Texture Based Haptics

Fore more detailed information, have a look at the report or at our paper.

Problem

Haptic feedback is the use of the sense of touch in a user interface design to provide information to an end user. Currently, the only mainstream way of providing haptic feedback is via vibration (think of your smartphone or gamecontrollers). The goal of this project was 1) to come up with a new way of giving haptic feedback, 2) to define a suitable application area for the technology and 3) to test it with users.
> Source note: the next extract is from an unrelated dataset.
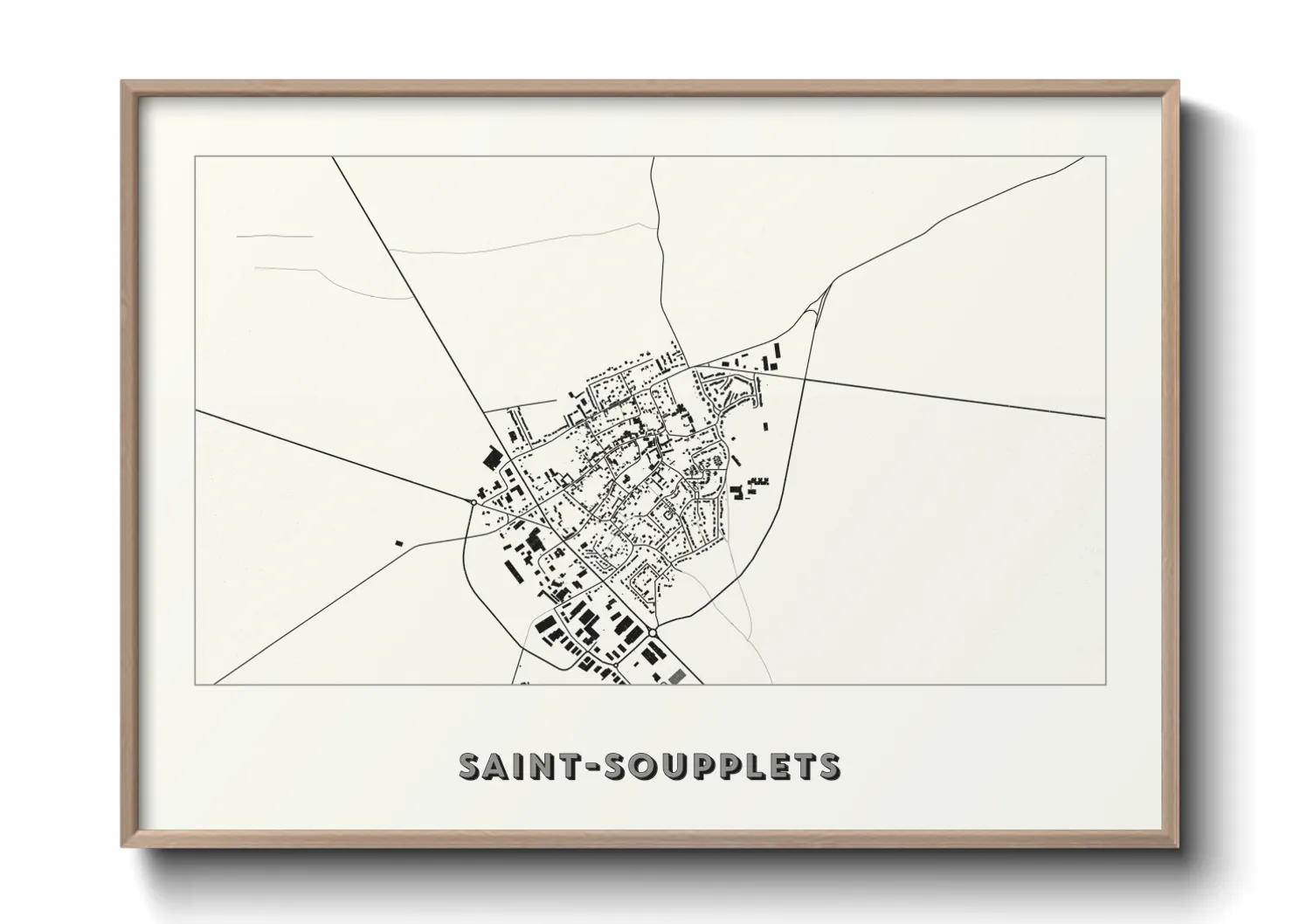 Une affiche de carte sur Saint-Soupplets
Together with 4 other students, I worked on this for 5 months. The end results is a 3D printed technology that can simulate different textures through different levels of compression.

Research

To get to this result, several weeks of thorough research and brainstorming were necessary to explore the entire field of haptics, current technologies and opportunities for the future. In the end we settled on the field of virtual reality. VR is completely immersive, until you try to touch a virtual object. The realism of the scene diminishes when you see your hand go through an object where you expect to feel the characteristics.

First test: what dimensions can users clearly distinguish

We did user tests to research what kind of dimensions users can feel. This resulted in 3 main dimensions: hard vs soft textures, smooth vs rough textures and warm vs cold textures. Based on these dimensions, we set out to create a prototype that could replicate the different dimensions. However, we needed a specific scenario to test our prototype. After more brainstorming sessions, a scenario of a dinosaur museum was chosen because this scenario has a lot of potential for real use and it adds a lot to the experience because most people have not experienced what it is like to touch the texture of a dinosaur.

The technology we created consists of a 3D print with two different kind of materials. One soft material (black) and one hard material (blue). By compressing the print, the soft material bends over the edges of the hard material creating a bumpy surface. The higher the compression, the higher the bumps.

The first iteration
The first iteration

Second test: accuracy of the first prototype

The second user tests were conducted to test how accurate the prototype could mimic textures and to see how big the influence of visuals are on the perceived realism of the prototype. By putting a texture on a virtual cube without any context, the realism of the protoype could be tested. And by showing the same texture on a cube and a dinosaur (without informing the participant), the influence of the visual experience could be tested. For these tests, the hydraulic compression system was created with the help of lasercutters.

Final Prototype

For our final system evaluation experiment we tested the prototype both in a congruent and incongruent condition. In the congruent condition, the compression of the prototype matched the texture of the dinosaur, in the incongruent condition, they are different. The findings show that participants can correctly identify the visual and haptic feedback in the congruent condition, while in the incongruent condition people seem to answer more randomly and negative. However participants in the congruent condition do not consider the overall experience of the system better – meaning that the haptic device does influence their perception, but more indirectly after they experienced the three different textures. Nonetheless, overall people liked the experience with the prototype a lot and considered touching virtual objects in this context certainly as an additional value to the field of virtual reality.